Yet it was modernism, as we intend this term in English, that began the process of eroding national borders in favour of considering authors and texts as part of fluid, complex, and international literary spaces, as Pascale Casanova describes them in her book La république mondiale des lettres (1999), translated as The World Republic of Letters (2004). Valery Larbaud, back in 1927, declared that all which is national ‘is silly, archaic and disreputably patriotic’ and imagined instead an ‘intellectual International’. Sounds great, but how feasible is it? Australian writers, like writers from other post-colonial countries, are long used to thinking about themselves in relation to multiple literary spaces: from the local, the national, the imperial and the variously international. One of the most tyrannical literary spaces, however, has always been, and remains, that of language. National boundaries may have become more permeable, but can the same be said for linguistic ones? Translators hope not, and this issue of Southerly considers that question from multiple points of view.
I am not convinced that special issues on translation are particularly useful. They run the risk of appearing a hotchpotch. Why should the fact that they have been translated by Australians be enough to give two otherwise disparate texts any cohesion? There is something to be said for publishing some translated material on a regular basis, but the tendency has been to segregate translation into one-off issues or specialist journals such as Modern Poetry in Translation. What we do take out of reading this Southerly is a sense of how many varied voices there are in the world republic of letters. But how much more strongly would we feel this if the original texts had been published alongside the translations (at the very least in the case of the poetry)? David Brooks writes in his editorial that there must inevitably be in Australia the common playing field of the English language, even though we are a multiculture.
Sure, but while it’s one thing to have a common ground of English, it’s another to have an awareness that English is not the only linguistic medium. There is the question of making the other language visible. Even the most foreignising approach to translation cannot rival printing the source text alongside the English for bringing this home. And it needs to be brought home, because, while we may be a multicultural and multilingual society at large, the dominant spaces of Australian literature, to our detriment, remain monolingual.

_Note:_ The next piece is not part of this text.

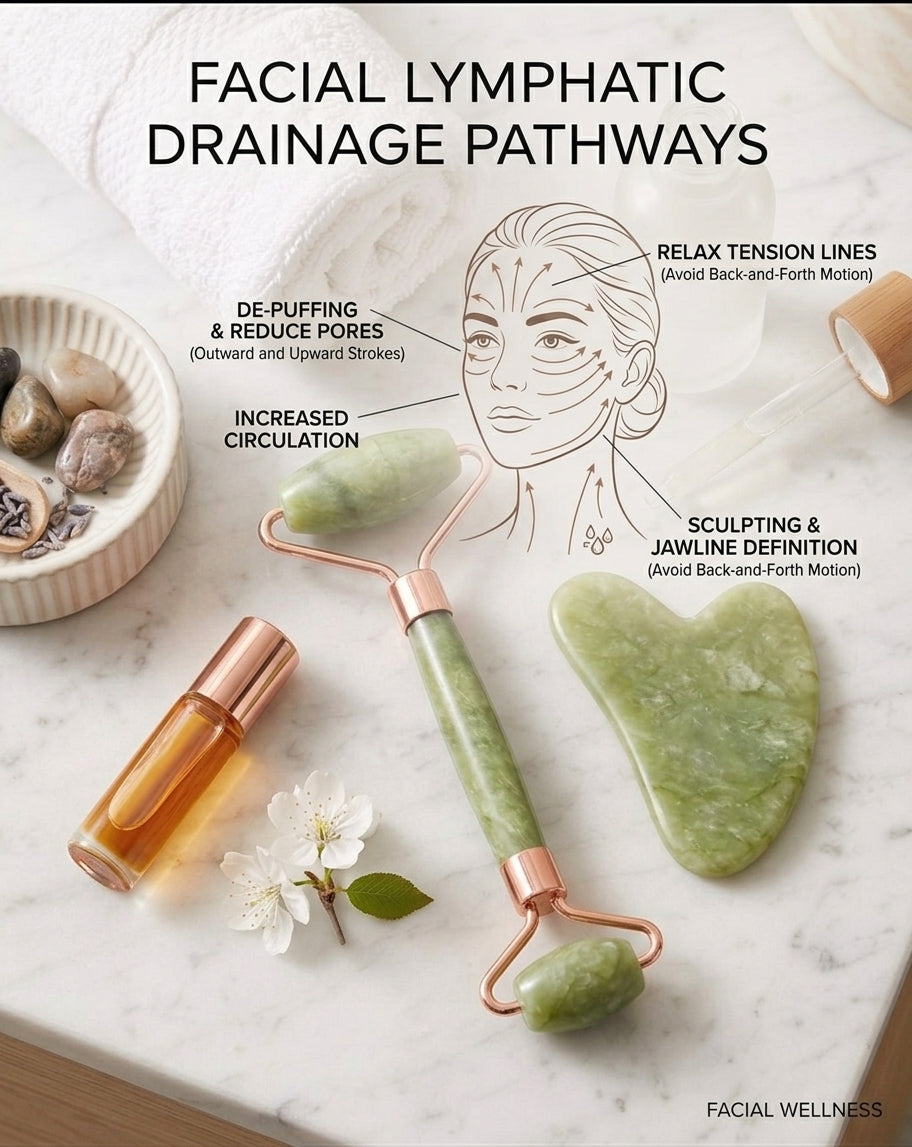 Flawless 2-in-1 Jade Roller & Gua Sha Stone Set - Facial Massager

As to the material itself in this issue, titled Golden Tongues: The arts of translation, it is rich and varied. I particularly enjoyed John Tranter’s modern adaptations of Baudelaire, and the chance to read a new (in English) Thomas Bernhard story twice. The two poems by Lionel Fogarty remind us that translation can indeed be conceived as a multiple art. Rather than versions of a particular source text, these poems seem to be written out of the interaction between the multiple languages and identities of the poet. Similarly, Ouyang Yu’s personal musings about the differences between particular expressions in Chinese and English sees translation as an everyday activity investigating the way languages construct selves. He writes at a certain point, ‘Afterwards, I remember hearing someone on TV referring to someone else as duo xin (much heart). This defies translation, which is good, because in translation one always looks for the translatable while avoiding the untranslatable.’
From a similar linguistic geography, Simon Patton writes thoughtfully of his experiences of translating Chinese poetry; while back in Europe, Vrasidas Karalis introduces us to the Greek poet Andreas Aggelakis. As with previous issues, this Southerly contains extra material online, where I was pleased to discover the Uruguayan poet Jorge Palma, translated here by Peter Boyle.